Last week, Olli Heinonen, director of the International Atomic Energy Administration for 27 years, said at a Washington press conference that Iran has already passed the point of no return and that according to a recent Institute for Science and International Security report, Iran can achieve breakout in one month, and given a few hookups, can be at nuclear breakout within two weeks.
Heinonen reported that if Iran continues to install IR-2 centrifuges, at the present rate, the breakout time could be reduced to two weeks. IR-2 centrifuges produce an average of four to five times faster output of highly enriched uranium. Iran had announced last January that it would install 3,000 1R-2 centrifuges into the facility of Natanz. Dr. Heinonen added that Iran has “passed the point of no return.”

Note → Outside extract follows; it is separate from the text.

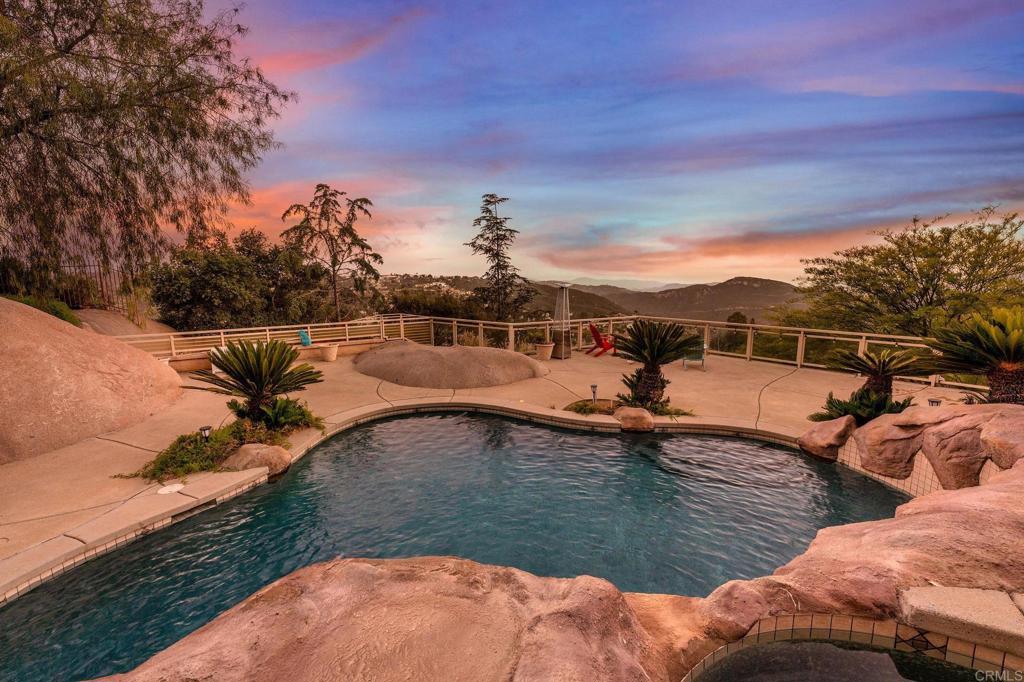 28521 Gladstone Court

Yet, because of Iranian President Hasan Rouhani’s charm offensive at the United Nations earlier this fall, and a propensity for the Obama administration to confuse rhetoric with reality, the United States was all but ready to accept what Prime Minister Benjamin Netanyahu has called “a very bad deal” with Iran.
This deal would have allowed an easing up of international sanctions on Iran in return for the Islamic republic’s continuous enrichment of uranium to 3.5 percent, when they already have enough stockpiled enriched uranium at the 20% level for at least one nuclear bomb.
Why, one wonders, does Iran need so much highly enriched uranium for “peaceful purposes”?
Moreover, why are so many seemingly intelligent people willing to suspend their critical intellects and show the Iranians such trust?
The very day before Rouhani left Tehran for his charm offensive at the United Nations, he was giving a speech at a military parade in which a fleet of Shahab-3 missiles that can easily reach Tel Aviv was carried by a convoy of trucks. A sign in Farsi on the first truck read, “Israel shall cease to exist.”
Moreover, when running for president, Rouhani boasted in an interview on Iranian National Television of how he had used his skills as a nuclear negotiator as a smokescreen behind which to hide the introduction of yellowcake, of the heavy water plutonium reactor in Arak, of going from 150 centrifuges to 1,750 centrifuges.
The Soviets had a great word for what Rouhani is doing: “doublespeak” — using words as a form of warfare to mask one’s true meaning.
It was U.S. President Ronald Reagan who had said about the Soviets, “Trust but verify.”
The P5+1 talks brought us perilously close to accepting a very bad deal. There was one nation, however, that refused, France. French Ambassador Laurent Fabius told French journalists, “We will not be part of a fool’s deal.”
Nature abhors a vacuum and France has swept in to fill the vacuum in moral leadership. Vive la France!